When she got particularly stuck, Hill, Rambaut, and other members of the lab would pitch in to discuss the designations. But the grunt work fell on her.
Deciding when descendants of the virus deserve a new family name can be as much art as science. It was a painstaking process, sifting through an unheard-of number of genomes and asking time and again: Is this a new variant of covid or not?
“It was pretty tedious,” she says. “But it was always really humbling. Imagine going through 20,000 sequences from 100 different places in the world. I saw sequences from places I’d never even heard of.”
As time went on, O’Toole struggled to keep up with the volume of new genomes to sort and name.
In June 2020, there were over 57,000 sequences stored in the GISAID database, and O’Toole had sorted them into 39 variants. By November 2020, a month after she was supposed to turn in her thesis, O’Toole took her last solo run through the data. It took her 10 days to go through all the sequences, which by then numbered 200,000. (Although covid has overshadowed her research on other viruses, she’s putting a chapter on Pango in her thesis.)
Fortunately, the Pango software is built to be collaborative, and others have stepped up. An online community—the one that Jolly turned to when she noticed the variant sweeping across India—sprouted and grew. This year, O’Toole’s work has been much more hands-off. New lineages are now designated mostly when epidemiologists around the world contact O’Toole and the rest of the team through Twitter, email, or GitHub— her preferred method.

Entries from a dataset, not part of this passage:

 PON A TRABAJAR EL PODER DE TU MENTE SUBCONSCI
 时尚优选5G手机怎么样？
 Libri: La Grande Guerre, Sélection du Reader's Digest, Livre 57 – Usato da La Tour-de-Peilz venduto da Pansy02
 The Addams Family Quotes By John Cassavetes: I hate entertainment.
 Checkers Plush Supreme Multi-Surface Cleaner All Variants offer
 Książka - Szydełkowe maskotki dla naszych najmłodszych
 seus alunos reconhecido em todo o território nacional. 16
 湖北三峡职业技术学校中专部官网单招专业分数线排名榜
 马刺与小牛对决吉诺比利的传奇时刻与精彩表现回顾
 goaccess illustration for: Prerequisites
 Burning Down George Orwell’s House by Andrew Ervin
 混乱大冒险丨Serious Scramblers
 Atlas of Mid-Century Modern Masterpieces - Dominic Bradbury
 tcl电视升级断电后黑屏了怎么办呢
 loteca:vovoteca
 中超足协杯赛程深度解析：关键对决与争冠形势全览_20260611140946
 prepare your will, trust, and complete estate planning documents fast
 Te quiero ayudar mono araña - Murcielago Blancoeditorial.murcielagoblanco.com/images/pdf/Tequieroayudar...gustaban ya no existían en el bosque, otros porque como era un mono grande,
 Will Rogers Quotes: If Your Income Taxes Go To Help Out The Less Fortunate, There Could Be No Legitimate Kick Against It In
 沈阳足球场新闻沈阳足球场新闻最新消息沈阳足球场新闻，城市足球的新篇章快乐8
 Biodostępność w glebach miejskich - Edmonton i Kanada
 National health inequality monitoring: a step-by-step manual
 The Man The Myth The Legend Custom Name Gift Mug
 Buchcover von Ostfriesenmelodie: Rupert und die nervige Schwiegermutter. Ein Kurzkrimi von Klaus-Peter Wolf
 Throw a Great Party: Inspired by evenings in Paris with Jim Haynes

“Now it’s more reactionary,” says O’Toole. “If a group of researchers somewhere in the world is working on some data and they believe they’ve identified a new lineage, they can put in a request.”
The deluge of data has continued. This past spring, the team held a “pangothon,” a sort of hackathon in which they sorted 800,000 sequences into around 1,200 lineages.
“We gave ourselves three solid days,” says O’Toole. “It took two weeks.”
Since then, the Pango team has recruited a few more volunteers, like UCSC researcher Hindriks and Yale researcher Brito, who both got involved initially by adding their two cents on Twitter and the GitHub page. A postdoc at the University of Cambridge, Chris Ruis, has turned his attention to helping O’Toole clear out the backlog of GitHub requests.
O’Toole recently asked them to formally join the organization as part of the newly created Pango Network Lineage Designation Committee, which discusses and makes decisions about variant names. Another committee, which includes lab leader Rambaut, makes higher-level decisions.
“We’ve got a website, and an email that’s not just my email,” O’Toole says. “It’s become a lot more formalized, and I think that will really help it scale.”
A few cracks around the edges have started to show as the data has grown. As of today, there are nearly 2.5 million covid sequences in GISAID, which the Pango team has split into 1,300 branches. Each branch corresponds to a variant. Of those, eight are ones to watch, according to the WHO.
With so much to process, the software is starting to buckle. Things are getting mislabeled. Many strains look similar, because the virus evolves the most advantageous mutations over and over again.
As a stopgap measure, the team has built new software that uses a different sorting method and can catch things that Pango may miss.